Story-Teller
●日記内SS (2012.1.25)



2012/1/25 日記内で公開 Story-Teller番外SS
【それを恋と呼ぶにはまだ苦いけれど】



例えば、その唇。
頭上から降り注ぐ怒鳴り声はそこから発されてるのかと、なんとなく見つめてしまう。口は悪いし、腰に響いて威圧感を与えるくらいに声は低いけど、でも、妙に落ち着く。
それと、あの目。
鋭い。とにかく目付きが悪い。でも、たまに、ほんとにたまにだけど、凄く優しい形に弛んで見つめられたりする。
それで、あの唇が動いて、「相楽」と、たった一言呼んでくる。
たったそれだけなのに、凄くむず痒い。
嬉しい、とか、それに似た感覚が身体中を血液と一緒に巡って、息が苦しくもなる。

そんな症状が出始めたのは、いつからだったっけ……




「相楽は、彼女作らないの?」

終業間際のオフィス内で、そんなことを聞いて来たのは桜井だった。

今日はいつもよりも暇だった。
溜まった課題を半分ほど減らしてみたり、身体が凝ってきた頃に軽いトレーニングをしてみたりと、普段の忙しさからは考えられないほどにのんびりと過ごせた、貴重な一日だ。
もうあと数十分ほど経てば、終業のベルが鳴る。
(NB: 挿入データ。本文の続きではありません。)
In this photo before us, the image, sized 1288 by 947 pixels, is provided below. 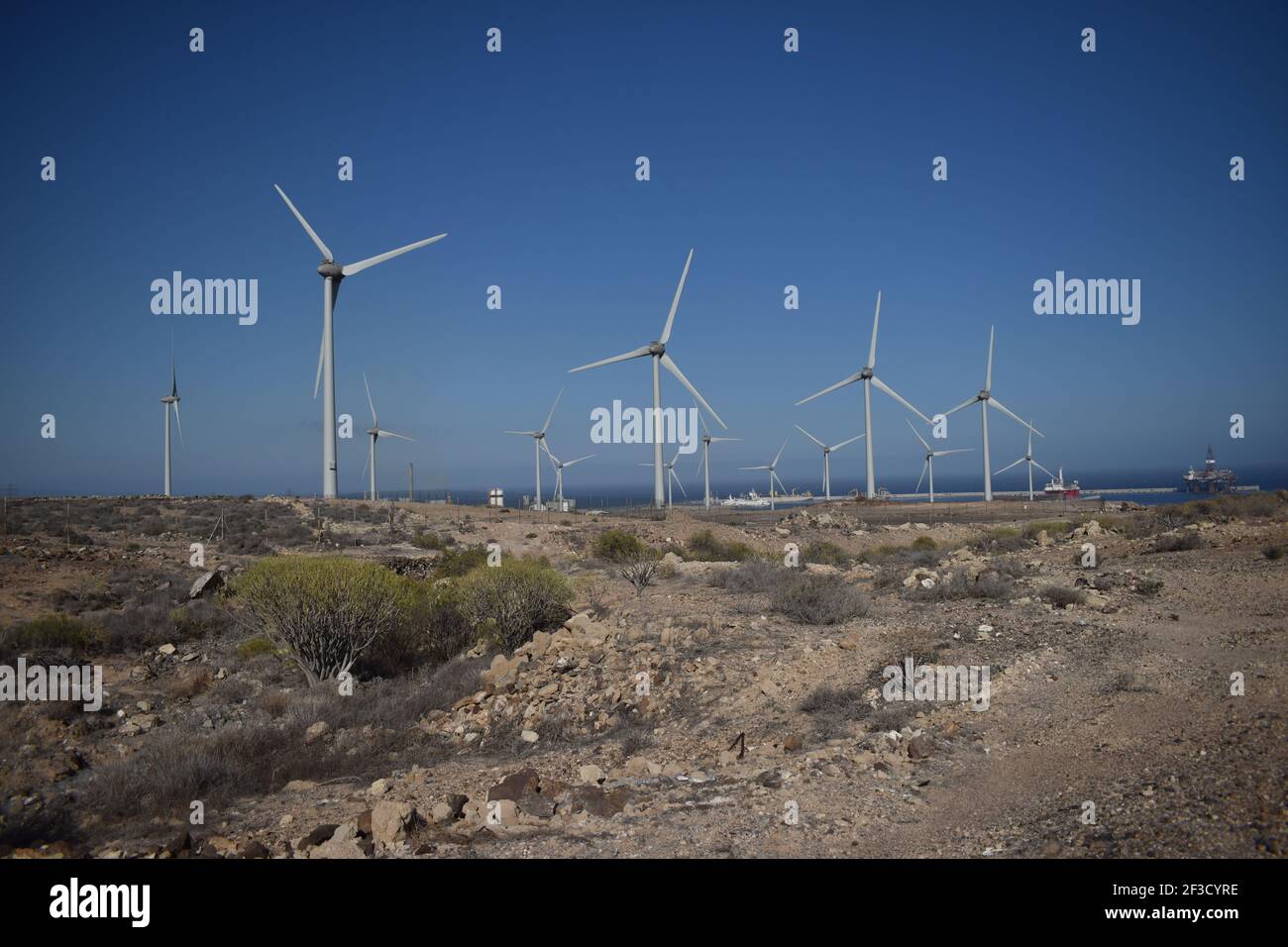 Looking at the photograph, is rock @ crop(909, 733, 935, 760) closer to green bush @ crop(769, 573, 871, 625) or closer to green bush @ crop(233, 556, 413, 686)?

その音を待つ桜井と関は、楽しげに雑談を続けている。
相楽はといえば、あまりにも暇すぎて食べ過ぎてしまったチョコレートの残量を確認しながら、その雑談を聞くともなしに耳に入れていた。
ほとんど聞いていなかった話題を急に振られて、馬鹿みたいに目を丸めてしまった。こちらのそんな反応はお構い無しに、桜井は話を続ける。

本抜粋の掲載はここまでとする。